§ DATA BELOW
■ ■ ■ ■ ■

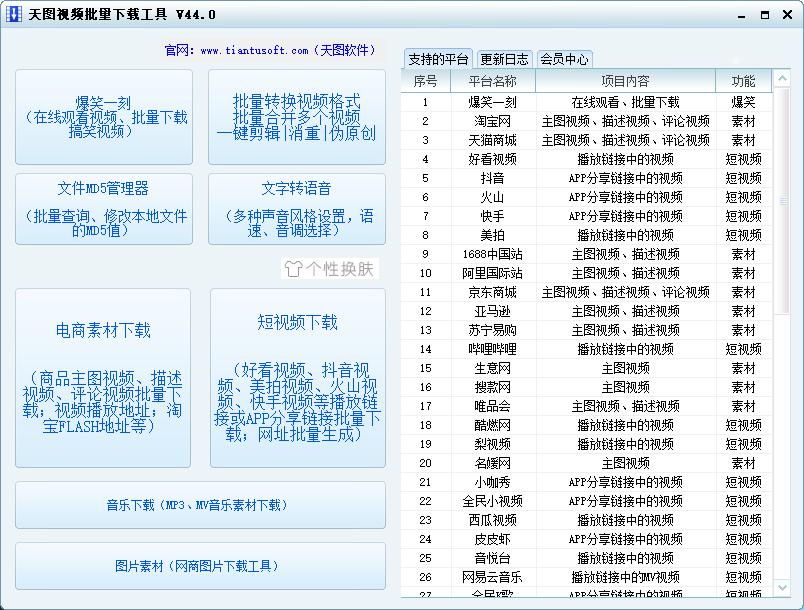 快手怎么去水印?最全攻略教你轻松去水印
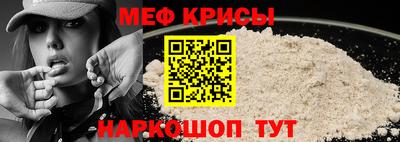 дурь Тавда
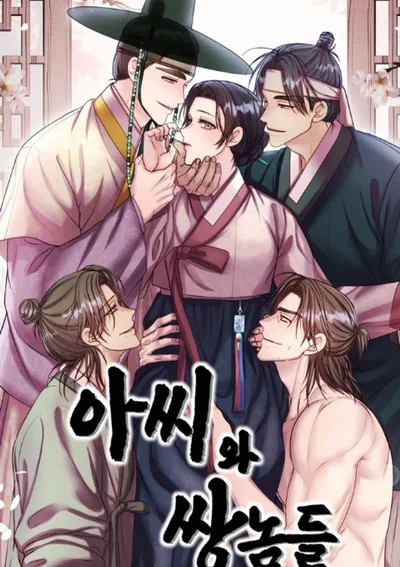 คุณหนูของทาส | R-19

■ ■ ■ ■ ■

§ YOUR INSTRUCTIONS
With the pictures removed, return the data above word for word.

§ ANSWER SPACE
 快手怎么去水印?最全攻略教你轻松去水印
 дурь Тавда
 คุณหนูของทาส | R-19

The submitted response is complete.